I'm beginning to understand Dawkin's theory in practical terms, the demarcation between awake and asleep has disintegrated to a point that I don't know whether I'm doing one or the other. Last night I was having an unpleasant dream about Kayla, my cat in the UK, then I awoke (or so I thought I had) and started thinking why I'd not seen Kayla for ages and then I realised that was because I am in Thailand, and then I awoke again, to Bamboo squawking. Sleep seems to come in small insufficient slots and then you wake up feeling guilty for sleeping, it's such a strange feeling it's difficult to explain. Work is now at home and the work I get paid for has become my hobby, when I'm at work I feel I should be home.

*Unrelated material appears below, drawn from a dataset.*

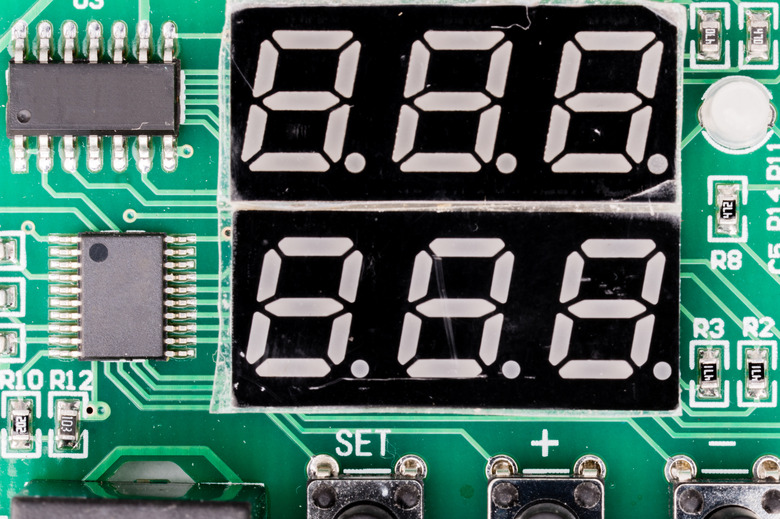 Seven-segment display (SSD), or indicator, electronic display device for displaying decimal numerals. On green pcb with controller.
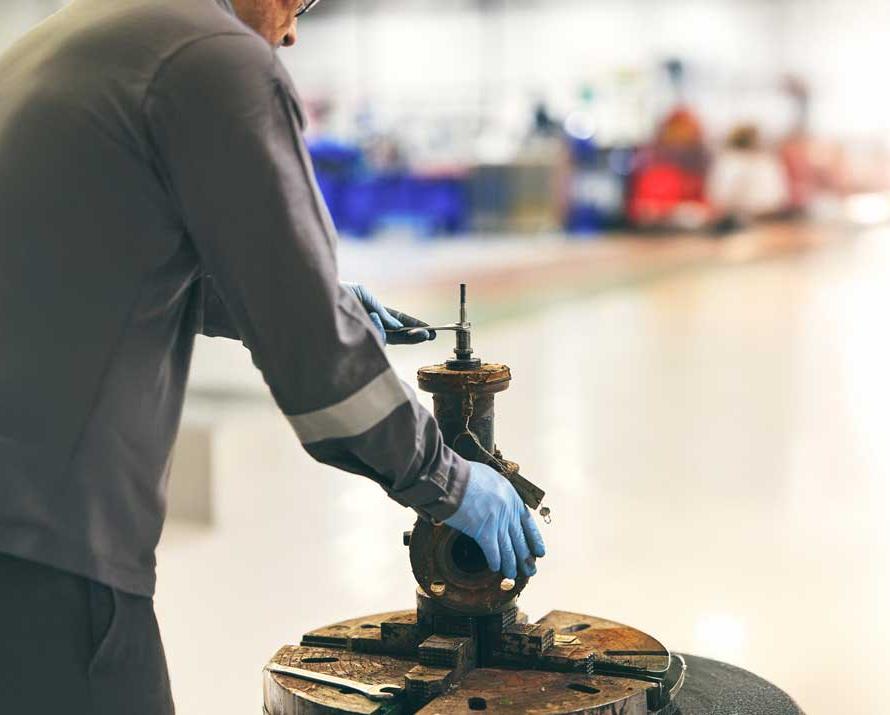 Technician in protective gloves inspecting an industrial valve.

Dawkins went on to explain mimicry, this is when a creature from a different species can trick another creature from a different species into thinking it is from the same species for a reason beneficial to the fraudster. A good example of this is how cuckoos convince birds of other species that their eggs belong to the same hatch until the cuckoo becomes big enough to chuck the rest of the eggs and chicks out of the hatch so that the dummy parent is exclusively feeding one child that isn't even his/hers and also happened to murder all of his/her most recent offspring.


In this sense human parents have the ability to use mimicry to stall the child's crying. This is colloquially known as selling a dummy and let me tell you, at this moment in time I am very tempted.